Пушкин заставил всех присутствовавших сдружиться со смертью, так спокойно он ее ожидал, так твердо был уверен, что роковой час ударил. Плетнев говорил: «глядя на Пушкина, я в первый раз не боюсь смерти». Пушкин положительно отвергал утешение наше и на слова мои: «все мы надеемся, не отчаивайся и ты», отвечал:
– Нет; мне здесь не житье; я умру, да видно уж так и надо!
В ночь на 29-е он повторял несколько раз подобное; спрашивал, например: «который час» и на ответ мой продолжал отрывисто и с остановкою:
– Долго ли мне так мучиться! Пожалуйста, поскорей!

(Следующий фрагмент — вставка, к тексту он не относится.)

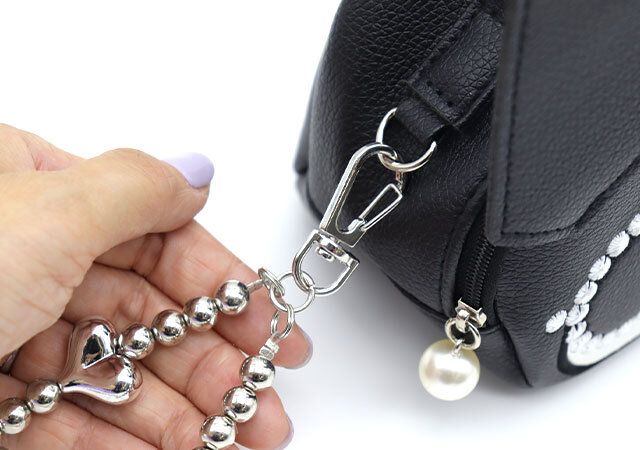 宝島社のムック付録のクロミとアジョリーのポーチ6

Почти всю ночь продержал он меня за руку, почасту просил ложечку водицы или крупинку льда и всегда при этом управлялся своеручно: брал стакан сам с ближней полки, тер себе виски льдом, сам снимал и накладывал себе на живот припарки, и всегда еще приговаривая: «вот и хорошо, и прекрасно!» Собственно от боли страдал он, по его словам, не столько, как от чрезмерной тоски.
– Ах, какая тоска! – восклицал он иногда, закладывая руки за голову, – сердце изнывает!
Тогда просил он поднять его, поворотить на бок или поправить подушку и, не дав кончить этого, останавливал обыкновенно словами: «ну, так, так, хорошо; вот и прекрасно, и довольно; теперь очень хорошо!» или: «постой: не надо, потяни меня только за руку, – ну вот и хорошо, и прекрасно!» Вообще был он, по крайней мере, в обращении со мною, повадлив и послушен, как ребенок, и делал все, о чем я его просил.
– Кто у жены моей? – спросил он между прочим.
Я отвечал:
– Много добрых людей принимают в тебе участие, – зала и передняя полны с утра и до ночи.
– Ну, спасибо, – отвечал он, – однако же, поди, скажи жене, что все, слава богу, легко; а то ей там, пожалуй, наговорят!
Когда тоска и боль его одолевали, он крепился усильно и на слова мои: «терпеть надо, любезный друг, делать нечего, но не стыдись боли своей, стонай, тебе будет легче», – отвечал отрывисто:.
– Нет, не надо стонать; жена услышит; и смешно же, чтоб этот вздор меня пересилил; не хочу.